Weiters Persönlichkeitsschulung, motorisches Training und Elternberatung.

Maximale Schulungsdauer bis zur Arbeitseingliederung sind 6 Jahre.

Ein weiteres Schwerpunktthema ist die berufliche Eingliederung, bzw. Ausbildung von behinderten Jugendlichen, die jetzt bereits mit dem 15. Lebensjahr die Schule verlassen, da in Integrationsklassen Klassenwiederholungen oder Verlängerungen bis zum 13. Schuljahr nicht möglich sind. Gerade für diese Jugendliche müssen neue Aktionen gesetzt werden. Bis zum Jahr 2002 werden 300 behinderte Jugendliche die Integrationsklassen verlassen. Die großen Trägervereine, die Beschäftigungstherapie anbieten, wollen neue Schritte gehen. Mit Hilfe von EU-Geldern und gemeinsamer Projektfinanzierung sind verschiedene Projekte entstanden:

Das Projekt ALPHA-FERTIGUNGSTECHNIK ist ein EU-Projekt mit transnationaler Kooperation (Employment/Horizon) und Zusammenarbeit mit den Partnerorganisationen "Daughters of charity Service" in Dublin, Irland, "Fachdienst für berufliche Eingliederung von Menschen mit Behinderung" in Reutlingen, Deutschland, und dem Diakonie-Verbund Eisenach in Wenigenlupnitz in Deutschland.

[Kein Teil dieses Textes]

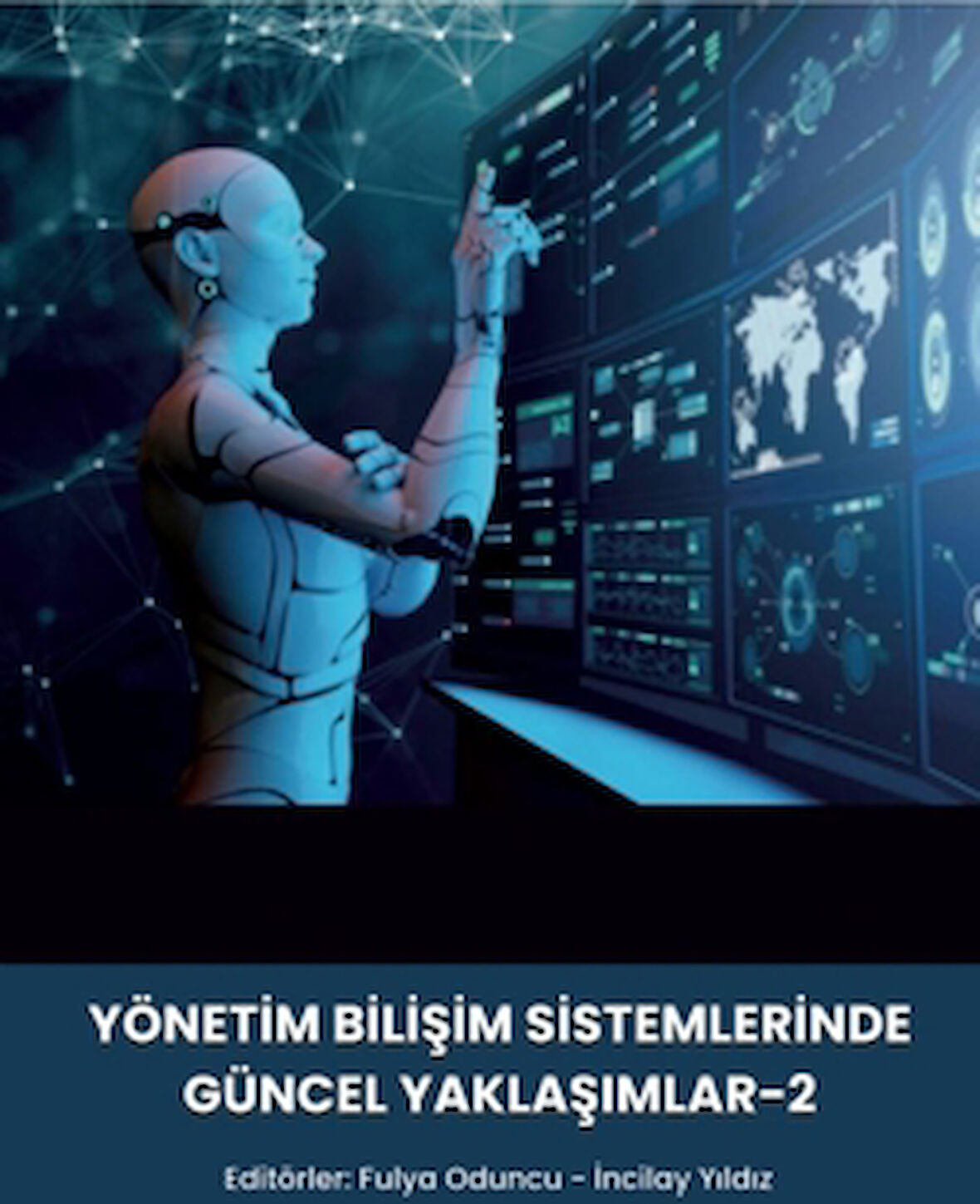 Yönetim Bilişim Sistemlerinde Güncel Yaklaşımlar-2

Der Verein Jugend am Werk hat im Areal der Bau- und Lüftungsspenglerei Firma Prager ein Stockwerk angemietet. Dort sollen rund 20-24 geistig behinderte Menschen auf die berufliche Eingliederung vorbereitet werden. Die Unterbringung der Werkstätte direkt im Gebäude der Firma Prager gewährleistet eine realistische Betriebsatmosphäre. Der Kooperationsvertrag mit der Firma Prager ermöglicht eine praxisbezogene Ausbildung direkt im Produktionsgeschehen.

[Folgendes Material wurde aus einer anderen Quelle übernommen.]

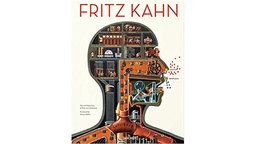 Buch "Fritz Kahn. Der Mensch als Industriepalast"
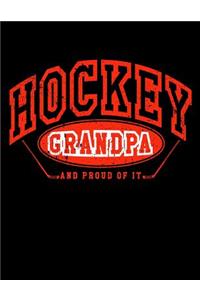 Hockey Grandpa And Proud Of It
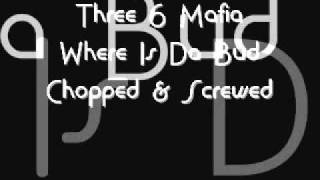 Three 6 Mafia   Where Is Da Bud Chopped &amp; Screwed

Die berufliche Eingliederung der geistig behinderten Menschen soll in 4 Phasen erfolgen:

1. Phase: Einführung und Förderung

Im Vordergrund steht die Vermittlung von Arbeitshaltung und Arbeitstechniken. Vorbild sind Ausbildungspläne von Lehrberufen. Es sollen Grundkenntnisse über Produktionsabläufe vermittelt werden. Besondere Bedeutung hat die Förderung der sozialen Kompetenz.

2. Phase: Training und Qualifizierung

Neben der praktischen Tätigkeit im Produktionsbetrieb, bei der komplexere Arbeitsabläufe bereits selbständig bewältigt werden müssen, ist die Förderung der Belastbarkeit und Ausdauer von besonderer Bedeutung.

3. Phase: Vorbereitung auf den Arbeitsplatz

In diesem Abschnitt soll der Einstieg auf einen Arbeitsplatz vorbereitet werden. Die körperliche und psychische Belastbarkeit wird überprüft und für die Auswahl eines geeigneten Arbeitsplatzes berücksichtigt. Hierzu baut Jugend am Werk derzeit ein Netz von Partnerbetrieben auf, die Arbeitsstellen anbieten können. Praktische Unterweisung in den Partnerbetrieben findet statt.

4. Phase: Arbeitsverhältnis bei einem Partnerbetrieb

In dieser Phase ist die Begleitung durch einen Arbeitsassistenten notwendig.

Zielgruppe sind geistig und mehrfach behinderte Menschen, die derzeit in Beschäftigungstherapie-Werkstätten von Jugend am Werk oder anderen Einrichtungen arbeiten und nicht - oder noch nicht - einer Arbeit (geschützter Arbeitsplatz) nachgehen, da sie die notwendige Leistung nicht erbringen können, auf der anderen Seite aber in einer Beschäftigungstherapie-Werkstätte unterfordert sind, und bei denen eine (Re-) Habilitation möglich erscheint. Geplant ist, geistig behinderte Menschen bis etwa zum 25. Lebensjahr im Projekt aufzunehmen.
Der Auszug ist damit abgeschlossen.